## [What this task involves]
Please copy every record below exactly, leaving out the pictures.

## [Data records]
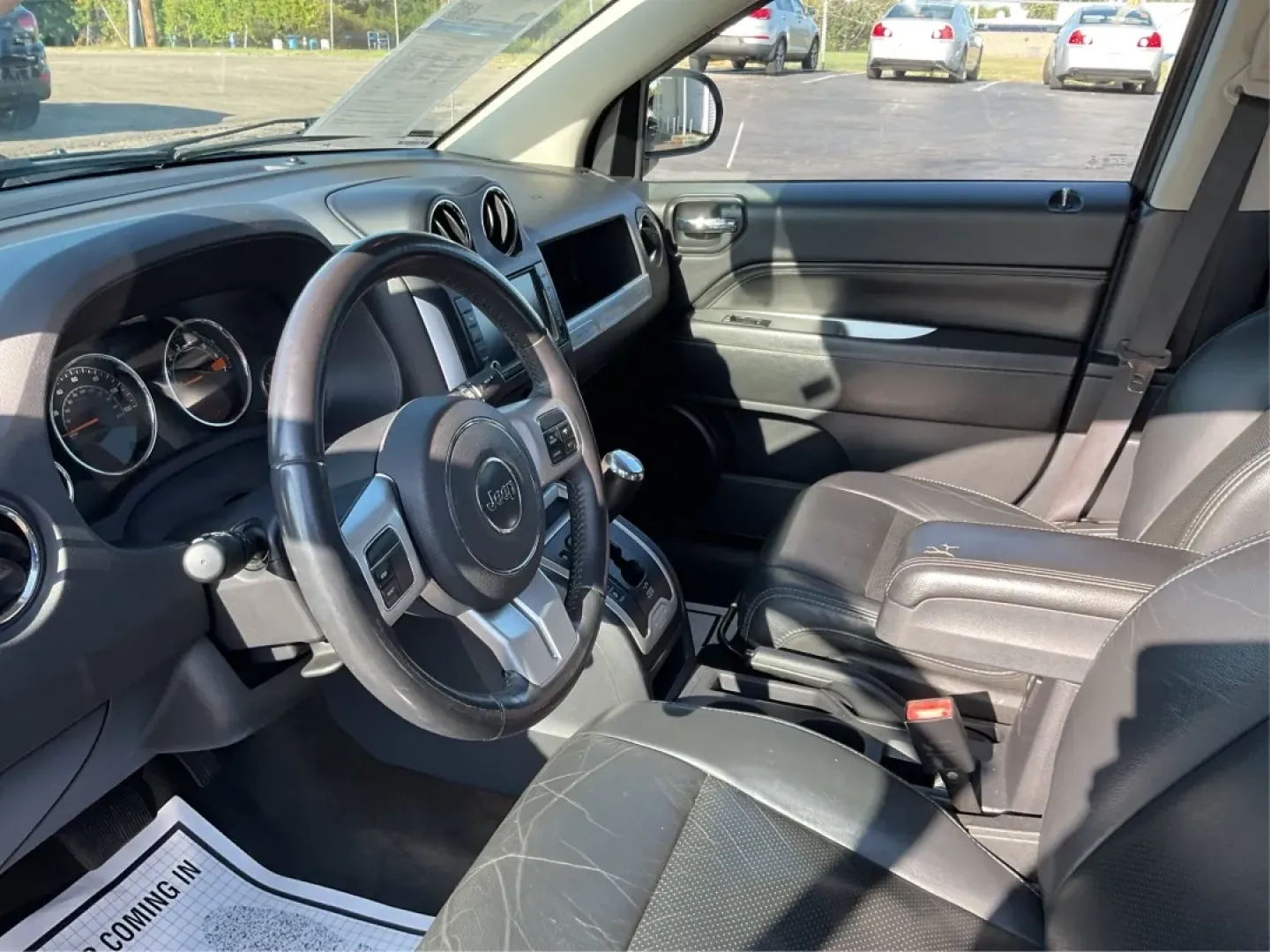 2016 Jeep Compass Latitude 4WD (1C4NJDEB7GD) with an 2.4L L4 DOHC 16V engine, 6-Speed Automatic transmission, located at 401 Woodman Dr, Riverside, OH, 45431, (937) 908-9800, 39.760899, -84.123421 - **Discover Adventure with the 2016 Jeep Compass Latitude 4WD at Advantage Car and Credit!**<br /> <br /> Are you ready to embrace your next adventure? Whether you're planning a weekend getaway, commuting to work, or navigating your family through busy city streets, the 2016 Jeep Compass Latitude 4WD - Photo#9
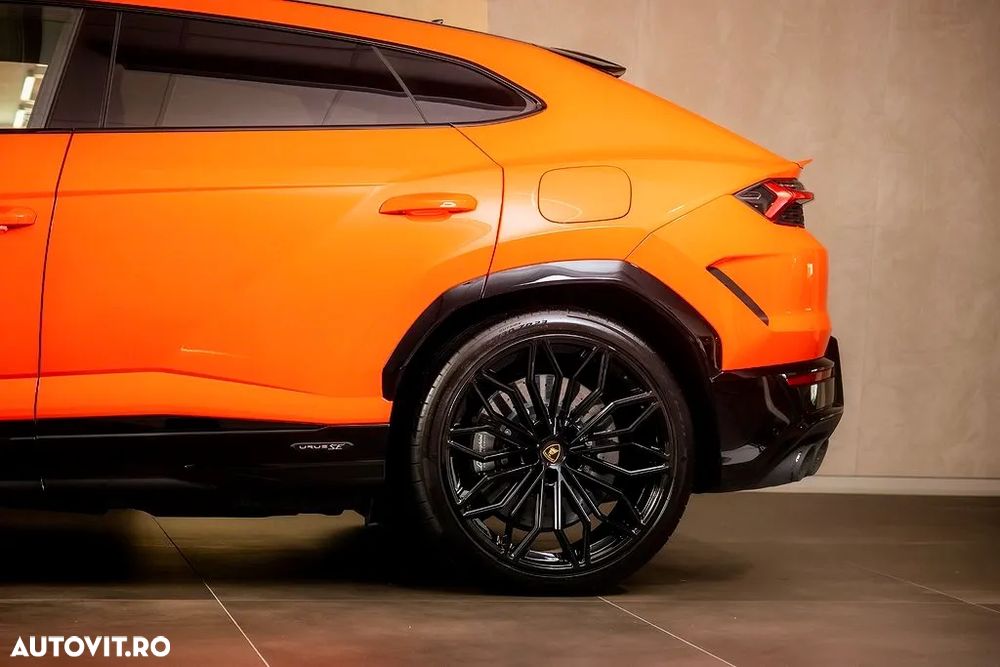 Lamborghini URUS - 4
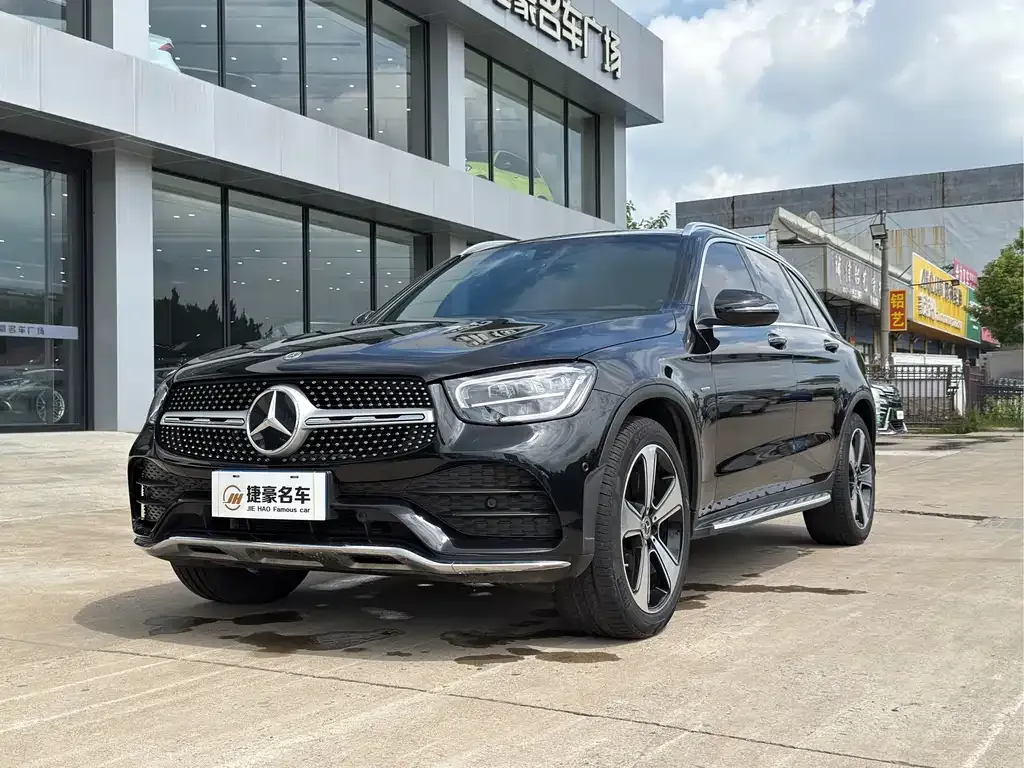 Mercedes-Benz GLC — фото 1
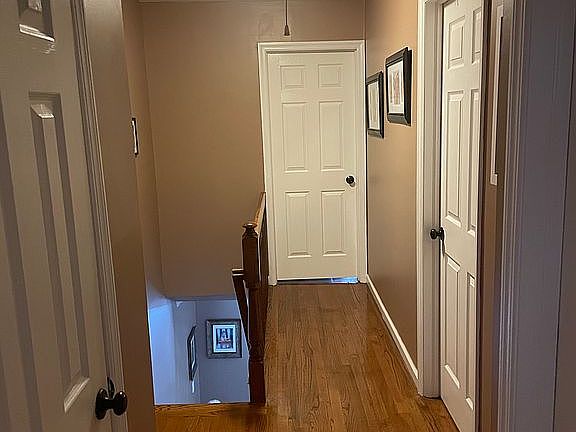 5th image of 45 Thornycroft Ave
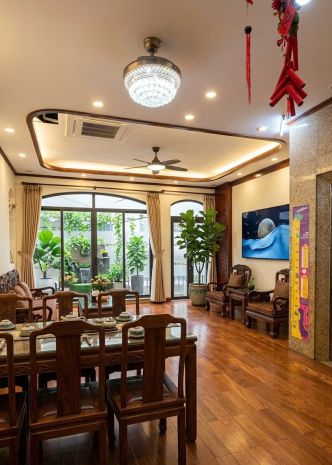 Bán nhà trần quốc hoàn, phân lô ô tô tránh, 6 tầng thang 7458620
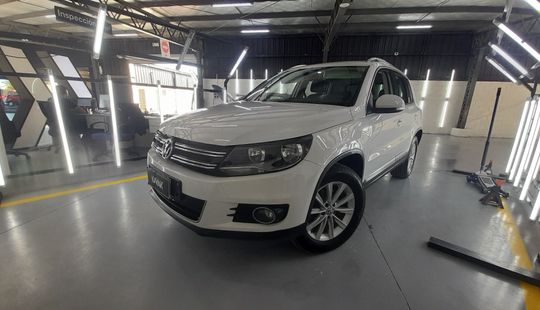 Volkswagen • Tiguan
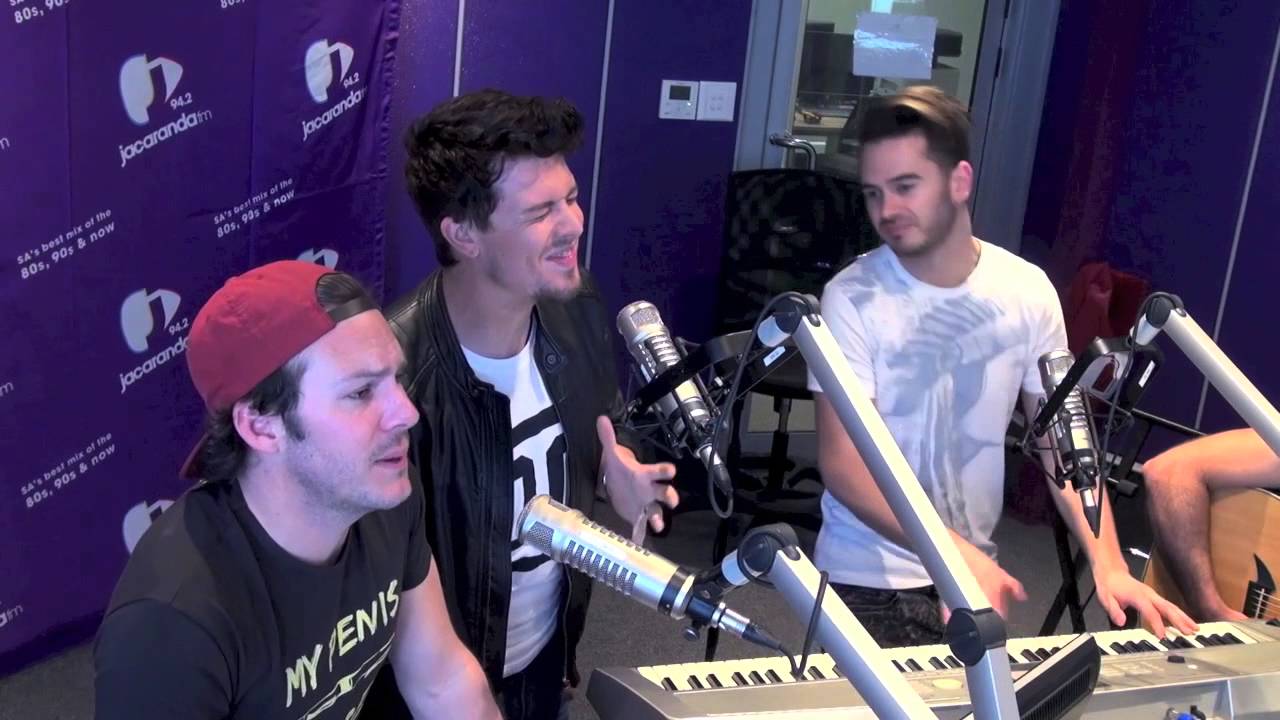 ADAM & Daniel sing Say What You Want on MBD Unplugged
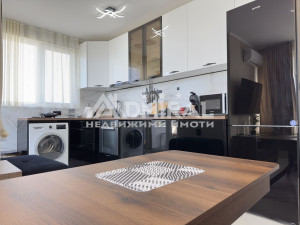 Луксозен тристаен апартамент с нескриваема морска панорама в гр. Созопол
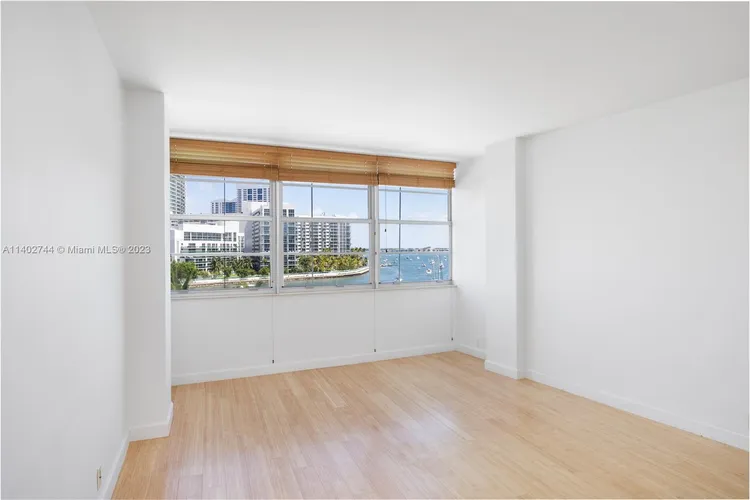 Belle Plaza #514 image #13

## [Task result]
 2016 Jeep Compass Latitude 4WD (1C4NJDEB7GD) with an 2.4L L4 DOHC 16V engine, 6-Speed Automatic transmission, located at 401 Woodman Dr, Riverside, OH, 45431, (937) 908-9800, 39.760899, -84.123421 - **Discover Adventure with the 2016 Jeep Compass Latitude 4WD at Advantage Car and Credit!**<br /> <br /> Are you ready to embrace your next adventure? Whether you're planning a weekend getaway, commuting to work, or navigating your family through busy city streets, the 2016 Jeep Compass Latitude 4WD - Photo#9
 Lamborghini URUS - 4
 Mercedes-Benz GLC — фото 1
 5th image of 45 Thornycroft Ave
 Bán nhà trần quốc hoàn, phân lô ô tô tránh, 6 tầng thang 7458620
 Volkswagen • Tiguan
 ADAM & Daniel sing Say What You Want on MBD Unplugged
 Луксозен тристаен апартамент с нескриваема морска панорама в гр. Созопол
 Belle Plaza #514 image #13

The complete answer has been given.